Not to put too delicate a point on it, but the vast majority of this reaction is of the "dear idiots" variety. "You should be embarrassed for doing this," wrote one viewer. But every tenth comment or so is from some heavy driver—Boeing or Airbus—who says Gryder nailed it and had the guts to say so. Most of the adverse reaction attacks not the analysis of the landing itself, but the fact that Gryder stepped over some imaginary line in stating bluntly what he thought of it.
A few correspondents insisted that the 380's touchdown was perfectly normal for airline operations, but my view is that this argument is just not credible. Look at the video again and decide for yourself. If you're a pilot with heavy aircraft experience, I invite you to post your comments below, pro or con. Reasonable people might disagree on this, but my guess is they are sitting around a conference room in Toulouse looking at that video and that the FDR data has been examined.

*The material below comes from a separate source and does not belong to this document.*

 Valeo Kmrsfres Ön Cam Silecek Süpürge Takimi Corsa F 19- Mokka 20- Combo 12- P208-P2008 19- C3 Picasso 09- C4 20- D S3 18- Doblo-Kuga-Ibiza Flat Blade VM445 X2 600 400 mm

Some of our correspondents interpret all of this as Airbus bashing. But I actually think it's the reverse. Airbus deserves kudos for bringing the 380 to Oshkosh—not to mention building the thing in the first place—and its awkward touchdown represents one thing and one thing only: less than optimal airmanship on that day, on that landing.
Dan Gryder and I had a conversation about his description of the touchdown as "ugly," a word that inflamed many who saw the video. When I brought the subject up, he looked at me as if to ask if I'd call the landing pretty. Ummm, no, I wouldn't, although some e-mail improbably insisted that it was. Gryder likes his truth unvarnished and referring to the rule above, some readers and viewers don't like the truth at all and would simply prefer to leave the subject untouched. As an aviation Web site, we promote the industry vigorously, but that doesn't mean we have to be mindless cheerleaders.
And at this juncture, a word about editorial judgment. When I was editing the video and patching in Gryder's comments, I had some misgivings about the commentary being too strong. I won't pretend to say that we aired the video in the name of aviation safety. We aired it because it was interesting and Gryder's comments—whether you agree with them or not—represented what seems to be popularly called a teachable moment.
If I had the judgment to make again, I'd make it the same way.